What the task requires.
Copy out the data that comes next, character for character, and leave the images aside.

(Recorded data begins)

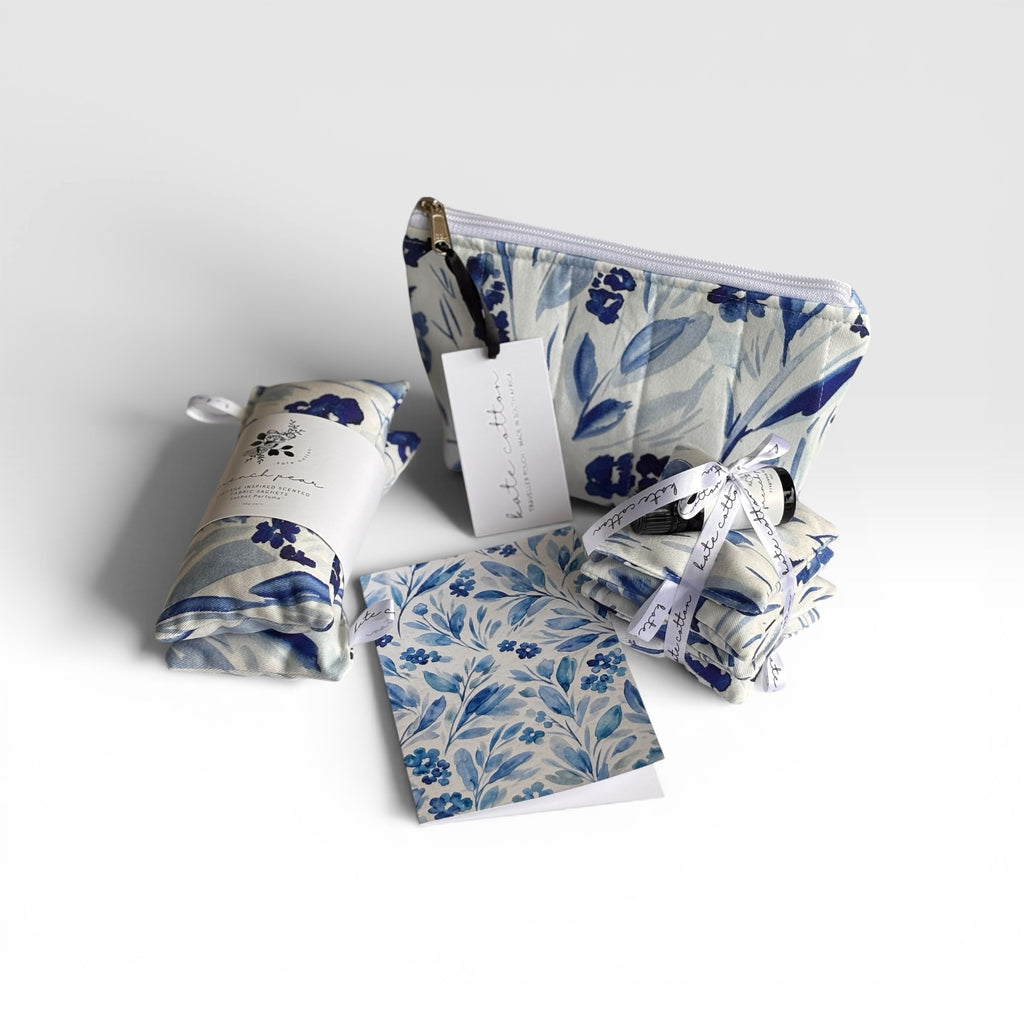 kate cotton french blue gift set | cosmetic bag, scented sachets & fragrance Oil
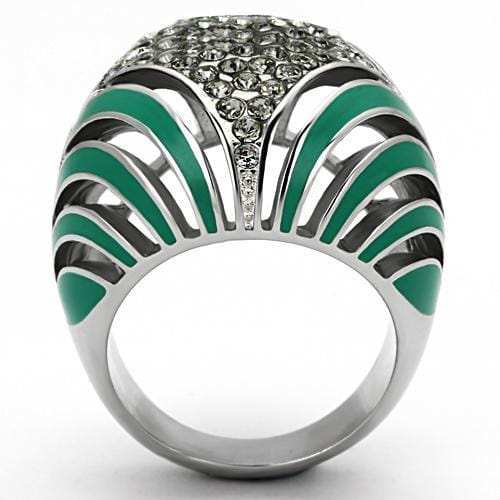 TK839 - High polished (no plating) Stainless Steel Ring with Top Grade Crystal in Black Diamond - Alamode - Flyclothing LLC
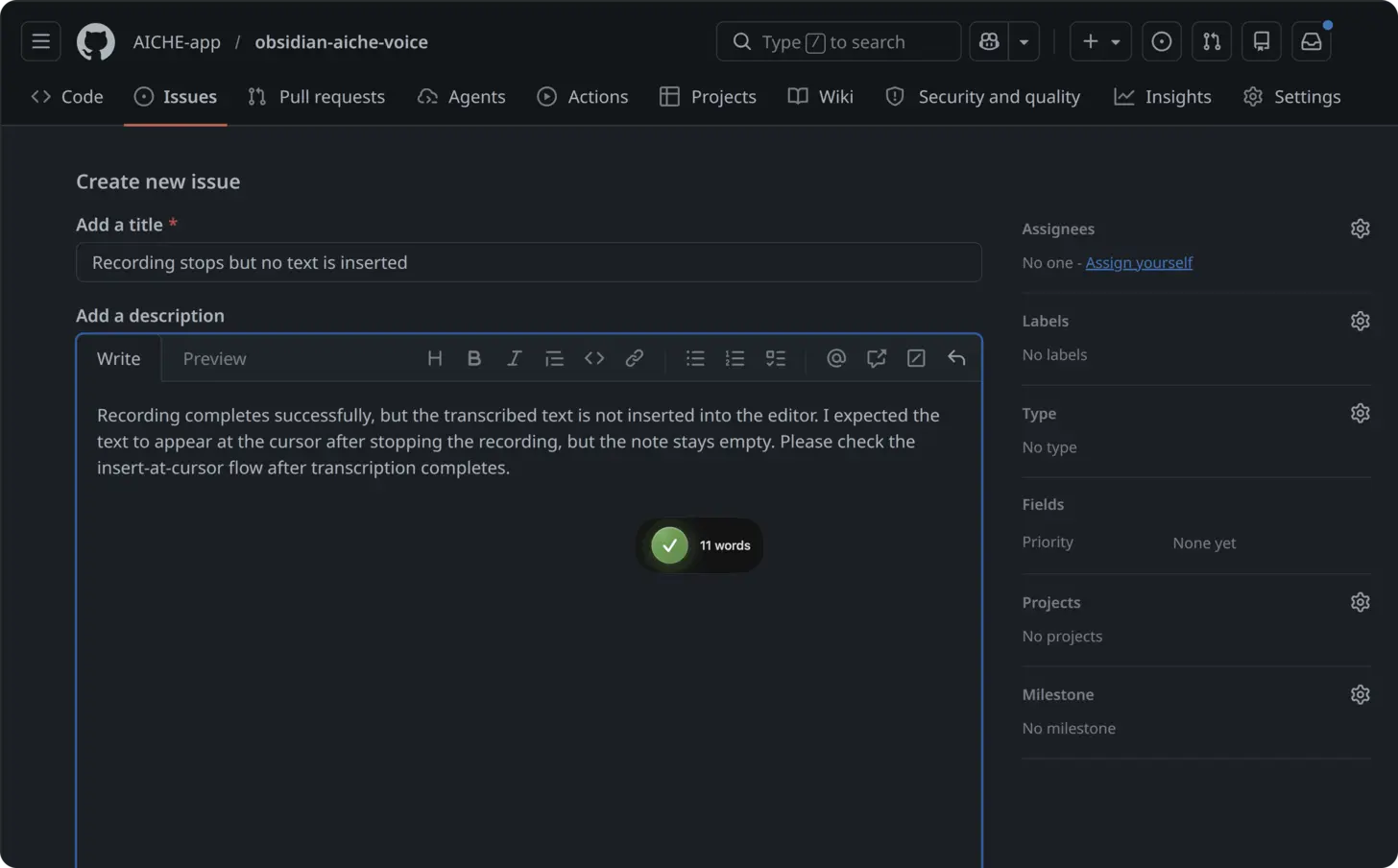 A GitHub issue dictated with AICHE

(Recorded data ends)

Solution.
 kate cotton french blue gift set | cosmetic bag, scented sachets & fragrance Oil
 TK839 - High polished (no plating) Stainless Steel Ring with Top Grade Crystal in Black Diamond - Alamode - Flyclothing LLC
 A GitHub issue dictated with AICHE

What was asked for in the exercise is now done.